───── Given information ─────

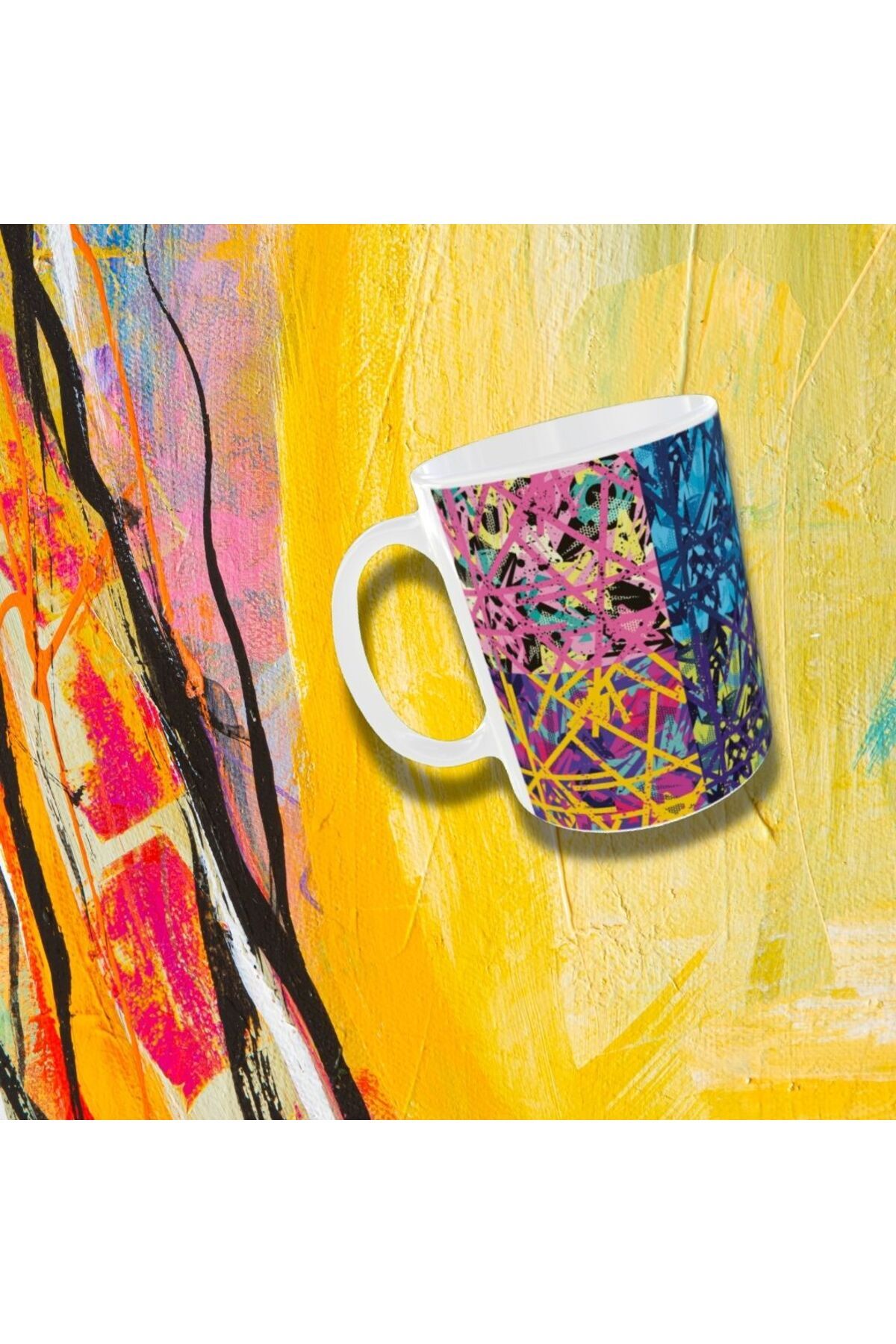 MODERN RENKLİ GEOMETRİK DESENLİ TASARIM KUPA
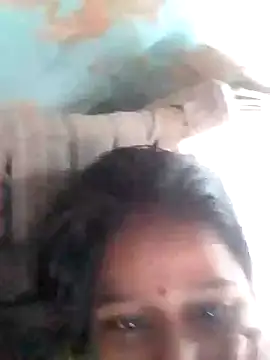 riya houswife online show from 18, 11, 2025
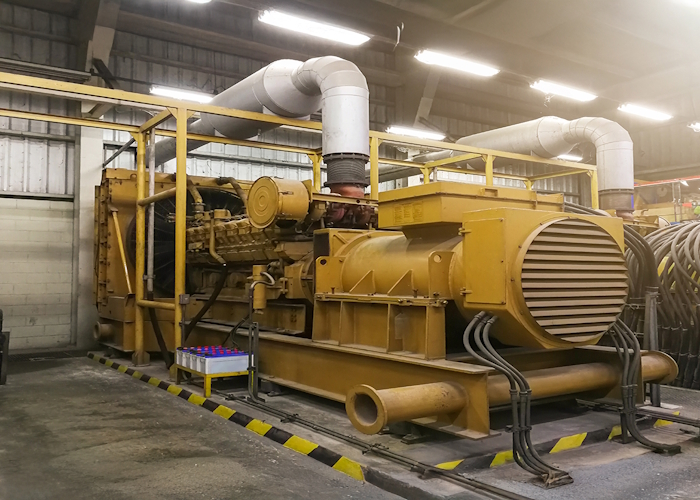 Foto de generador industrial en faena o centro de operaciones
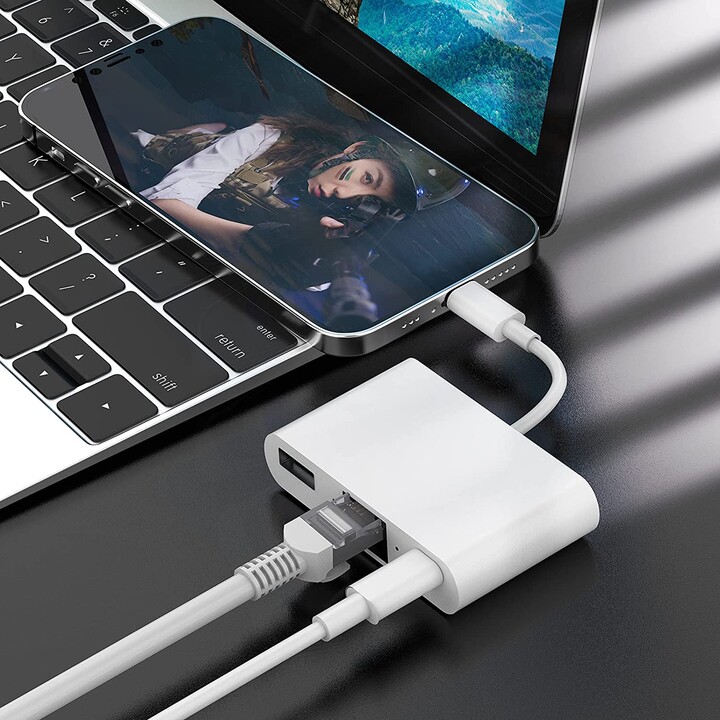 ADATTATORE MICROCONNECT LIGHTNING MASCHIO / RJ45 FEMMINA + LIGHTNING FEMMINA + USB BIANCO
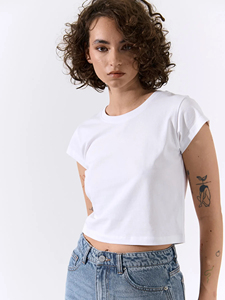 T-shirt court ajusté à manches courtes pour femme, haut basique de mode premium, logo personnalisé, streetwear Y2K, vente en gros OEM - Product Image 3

─────
───── Given information ─────

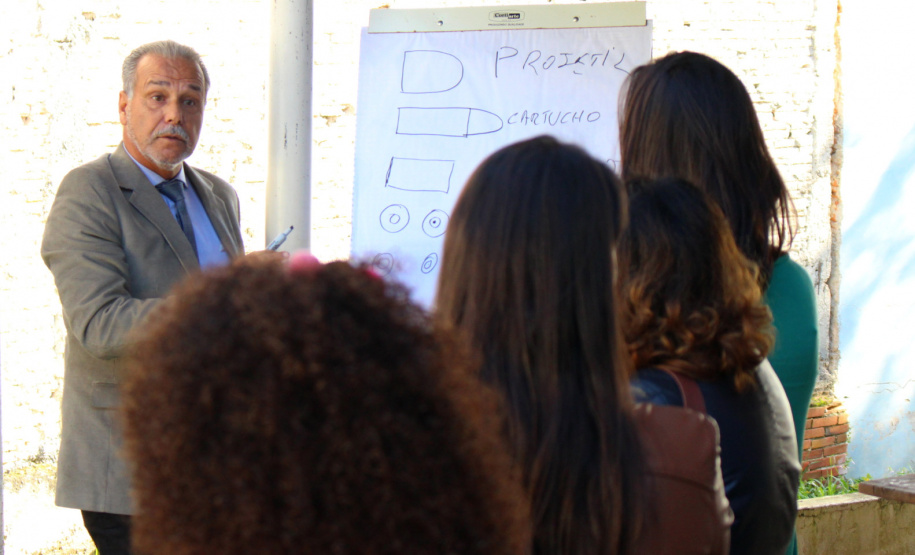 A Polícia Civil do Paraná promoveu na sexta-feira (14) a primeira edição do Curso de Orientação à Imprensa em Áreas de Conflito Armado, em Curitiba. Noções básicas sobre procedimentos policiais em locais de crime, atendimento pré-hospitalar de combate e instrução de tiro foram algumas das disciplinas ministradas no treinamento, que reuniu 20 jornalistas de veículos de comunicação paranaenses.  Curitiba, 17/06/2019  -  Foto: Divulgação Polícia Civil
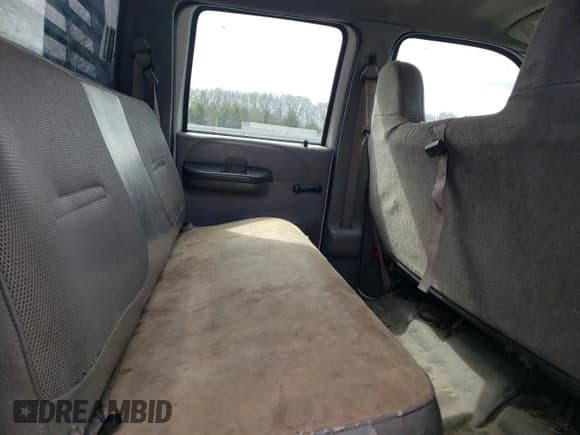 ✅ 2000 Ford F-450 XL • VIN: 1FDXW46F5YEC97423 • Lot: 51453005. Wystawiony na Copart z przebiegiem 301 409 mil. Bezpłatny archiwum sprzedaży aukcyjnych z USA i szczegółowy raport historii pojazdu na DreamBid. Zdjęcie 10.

─────

■ What the task asks:
What is needed is an exact copy of the lines above, from the one holding "MODERN RENKLİ GEOMETRİK DESENLİ TASARIM KUPA" down to the one holding "T-shirt court ajusté", with those two included and the pictures left out.

■ Exercise result:
 MODERN RENKLİ GEOMETRİK DESENLİ TASARIM KUPA
 riya houswife online show from 18, 11, 2025
 Foto de generador industrial en faena o centro de operaciones
 ADATTATORE MICROCONNECT LIGHTNING MASCHIO / RJ45 FEMMINA + LIGHTNING FEMMINA + USB BIANCO
 T-shirt court ajusté à manches courtes pour femme, haut basique de mode premium, logo personnalisé, streetwear Y2K, vente en gros OEM - Product Image 3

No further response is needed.